Date: Monday, November 6, 2023 11:00 - 12:00
Speaker: John Hoffman ( National Institute of Standards and Technology, Gaithersburg)
Location: Moonstone Bldg / Ground floor / Seminar Room F
Host: Scott Waitukaitis

The tailored design of modified nanofiltration membranes requires rapid functionalization processes to introduce key functionalities that help overcome the permeability / selectivity tradeoff seen in size-selective membranes. Many techniques have demonstrated the positive impact of introducing additional interactions between membranes and solutes, such as charged moieties, which can increase the rejection of salt ions. Beyond singularly functionalized membranes, novel transport properties emerge when multiple functionalities are integrated within a membrane system. This can be due to domains interacting with each other at their interfacial junctions, as well as when isolated domains work independently but in a coordinated manner during operating conditions. Utilizing a post-fabrication functionalization method, the desired membrane structure is first formed by tailoring the polymer chemistry and casting conditions and the addition of a desired functionality is achieved through coupling reactions with reactive solutions and functionally lined pore walls.

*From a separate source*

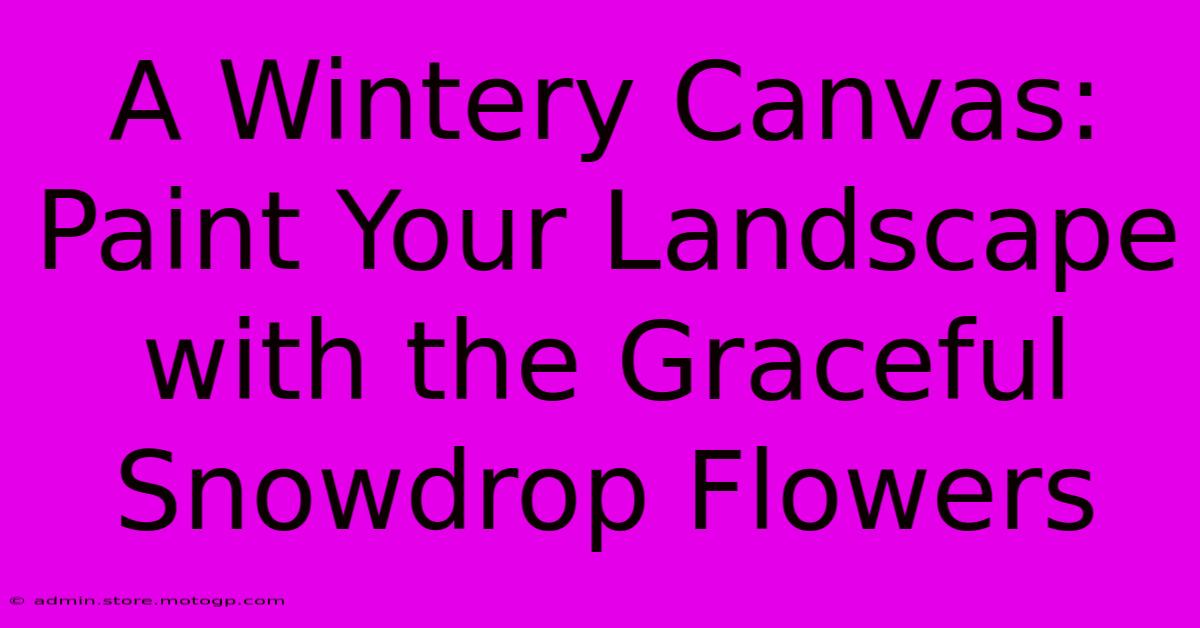 A Wintery Canvas: Paint Your Landscape With The Graceful Snowdrop Flowers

In this work, the ability to isolate functional domains utilizes a copper-catalyzed azide-alkyne cycloaddition (CuAAC) reaction process which was confirmed through Fourier-transform infrared spectroscopy analysis. Here we developed protocols for synthesizing reactive solutions that achieved high reactive rates compared to the diffusive rate of the solution as it transports through the membrane. Multi-functional membranes with surface anti-fouling chemistry and underlying charged chemistry were made which exhibited equivalent ion rejection performance compared to fully charged membranes, but with a much lower propensity for fouling. The CuAAC reaction was also used to form surface patterned multi-functional membranes, in which asymmetric coverage of positive and negative charge resulted in unique transport phenomena of asymmetric salts, such as magnesium chloride (MgCl2) and potassium sulfate (K2SO4), which resulted in enrichment in ions in the permeate. This type of controlled ion transport is not possible in singularly functionalized materials, thereby demonstrating the unique transport properties that multi-functional membranes can achieve.